▶ _Task directions_
Going down the data below, set down exactly the line with "BALÃO GRANFESTA 9" and each line after it through the line with "Color transparent 8K"; no other lines.

▶ _Input material_
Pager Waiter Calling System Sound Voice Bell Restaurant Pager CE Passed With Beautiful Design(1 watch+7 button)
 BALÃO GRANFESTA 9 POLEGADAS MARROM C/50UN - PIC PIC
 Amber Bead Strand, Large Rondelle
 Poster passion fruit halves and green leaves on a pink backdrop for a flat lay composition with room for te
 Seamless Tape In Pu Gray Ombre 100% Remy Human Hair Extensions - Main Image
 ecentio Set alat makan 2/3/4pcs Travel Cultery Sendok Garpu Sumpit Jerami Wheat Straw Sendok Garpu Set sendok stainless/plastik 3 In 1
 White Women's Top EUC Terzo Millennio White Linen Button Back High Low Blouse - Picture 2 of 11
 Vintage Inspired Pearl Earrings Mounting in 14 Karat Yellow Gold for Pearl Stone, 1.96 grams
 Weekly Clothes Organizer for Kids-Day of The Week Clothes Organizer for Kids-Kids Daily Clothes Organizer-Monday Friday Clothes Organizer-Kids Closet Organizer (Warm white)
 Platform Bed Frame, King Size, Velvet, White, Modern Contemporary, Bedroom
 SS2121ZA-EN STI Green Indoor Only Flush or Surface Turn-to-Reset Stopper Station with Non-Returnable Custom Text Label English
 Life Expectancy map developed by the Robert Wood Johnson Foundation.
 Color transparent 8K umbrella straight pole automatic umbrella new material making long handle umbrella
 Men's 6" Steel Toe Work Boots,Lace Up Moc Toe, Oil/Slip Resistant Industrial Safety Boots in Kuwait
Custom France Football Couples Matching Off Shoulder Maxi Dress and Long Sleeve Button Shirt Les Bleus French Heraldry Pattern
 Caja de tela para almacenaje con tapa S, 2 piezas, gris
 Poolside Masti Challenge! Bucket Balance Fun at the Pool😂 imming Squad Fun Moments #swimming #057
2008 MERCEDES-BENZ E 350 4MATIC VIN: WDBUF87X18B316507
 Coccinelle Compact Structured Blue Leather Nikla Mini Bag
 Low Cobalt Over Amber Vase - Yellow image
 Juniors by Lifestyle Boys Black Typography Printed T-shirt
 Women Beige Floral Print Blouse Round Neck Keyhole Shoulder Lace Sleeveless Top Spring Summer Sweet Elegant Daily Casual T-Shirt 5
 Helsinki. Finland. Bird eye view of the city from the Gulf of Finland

▶ _Your response_
 BALÃO GRANFESTA 9 POLEGADAS MARROM C/50UN - PIC PIC
 Amber Bead Strand, Large Rondelle
 Poster passion fruit halves and green leaves on a pink backdrop for a flat lay composition with room for te
 Seamless Tape In Pu Gray Ombre 100% Remy Human Hair Extensions - Main Image
 ecentio Set alat makan 2/3/4pcs Travel Cultery Sendok Garpu Sumpit Jerami Wheat Straw Sendok Garpu Set sendok stainless/plastik 3 In 1
 White Women's Top EUC Terzo Millennio White Linen Button Back High Low Blouse - Picture 2 of 11
 Vintage Inspired Pearl Earrings Mounting in 14 Karat Yellow Gold for Pearl Stone, 1.96 grams
 Weekly Clothes Organizer for Kids-Day of The Week Clothes Organizer for Kids-Kids Daily Clothes Organizer-Monday Friday Clothes Organizer-Kids Closet Organizer (Warm white)
 Platform Bed Frame, King Size, Velvet, White, Modern Contemporary, Bedroom
 SS2121ZA-EN STI Green Indoor Only Flush or Surface Turn-to-Reset Stopper Station with Non-Returnable Custom Text Label English
 Life Expectancy map developed by the Robert Wood Johnson Foundation.
 Color transparent 8K umbrella straight pole automatic umbrella new material making long handle umbrella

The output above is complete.